Rupa takes another sip of her martini. I think at this point she must be totally blotto.

Come to think of it, I think I may be totally blotto.

“Ruup?”

“Yes.” She glances over at me.

“I don’t think I can feel my legs.”

“Oh?”

“Or any of my body parts, really.”

“Want me to help you get to bed?”

She doesn’t wait for an answer. In a jiffy she comes round—stretching out a hand and pulling me to my feet. Gently, she helps me locate first my bedroom and then my bed, upon which I throw myself face first.

“Ruup?” I murmur into the pillow. It comes out muffled sounding like “woop.”

“Yes, sweetie?” she says.

“You won’t drive, will you?”

“Of course not, I never do after a drink. I’ll call Dario to come and get me. I’ll wait in your living room till he gets here.”

“Suss a goo man…” I murmur into the pillow. “Home savin da animals…”

“Yes, well there is not a lot for him to do. I fed and watered all the dogs and cats before I came over, you know.”

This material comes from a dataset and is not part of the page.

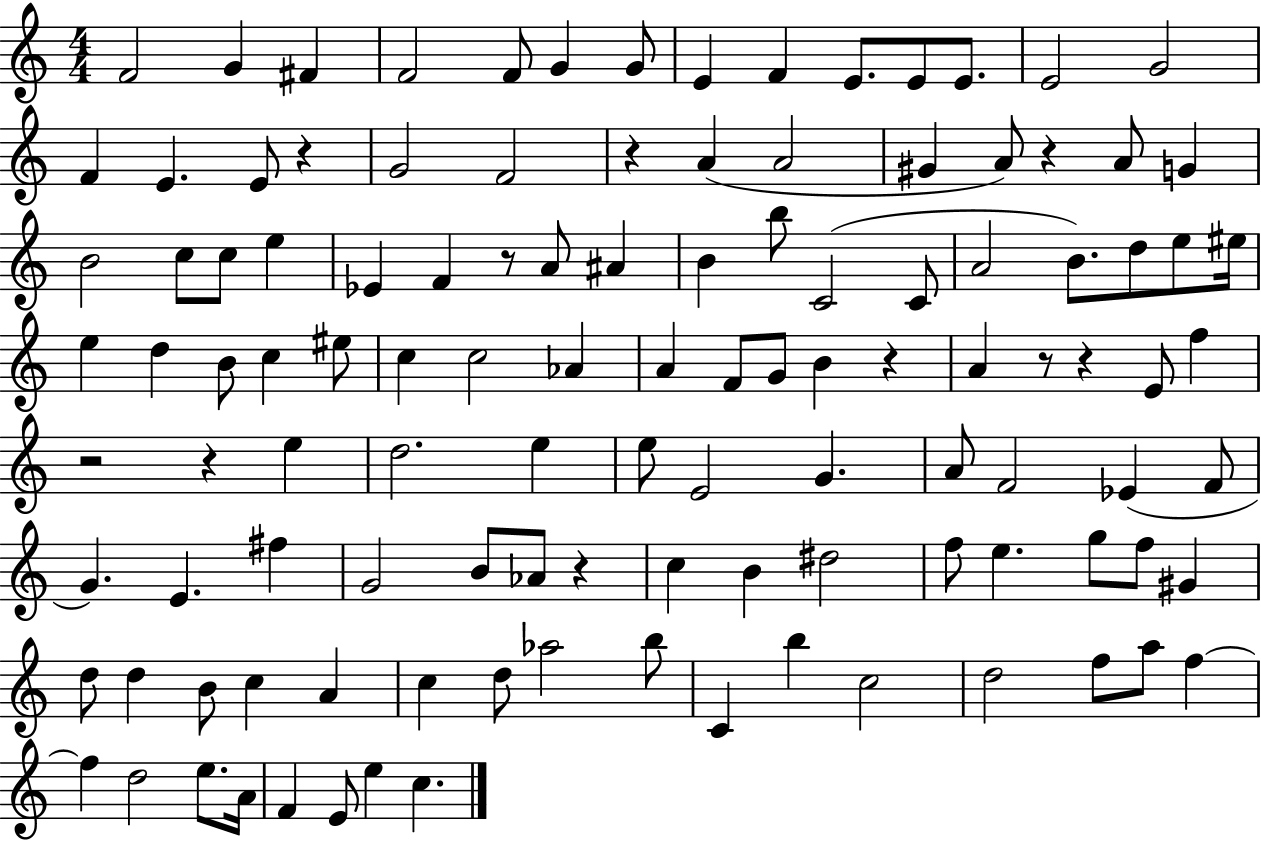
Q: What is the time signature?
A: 4/4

“Such a good man, your Dario, to help you run your rescue.” I turn my face from the pillow and look at her. Rupa smiles and turns out my light.

“Not like my Enrico,” I say, flipping over onto my back.

Rupa hesitates in the doorway. “Try not to think about that tonight? Okay?”

“Okay, but Ruup, I’m so sorry about you losing your job and all.” I glance over at her. Silhouetted by the light from the single 60-watt bulb in the hallway, she looks like an angel.

“Sweetie, I’m going to close the door now, and I want you to go to sleep, but I want you to get something straight. I lost my job because of that inexcusable wreck of a man known as your ex, not because of you, okay?”

“Okay,” I murmur sleepily. “Okay, but Rupa, one last thing. I mean losing the job was bad. But, I’m so sorry about the restraining order they slapped on you. I still feel horrible about all of that.”

“Heh. Yeah. The restraining order…” Rupa chortles softly as if she is recalling a most fond memory. “Oh well, Lily, what are friends for?” And with that she shuts my bedroom door and pads off silently down the hall.

chapter 7

R
EGRETTABLY THE NEXT morning, I am really feeling the effect of our little get together. I get up, look around in a bit of a haze, realize it is another terribly drizzly day and note that I am still wearing Rupa’s sari. I shut my curtains, trade my sari in for a proper nightie and go back to bed. After all, why should I get out of bed today? I can count two good reasons not to. No, three. First of all, my head hurts from my hangover and second, it is raining. And third, I am alone.

Alone. Like every Sunday. The boys are off with their father and, of course, I have no date. But in order to get a date, I need to get a proper divorce. I’ve asked Enrico a million times for one, and the prospect of asking yet again is all so depressing that I simply lie still, snug under my comforter.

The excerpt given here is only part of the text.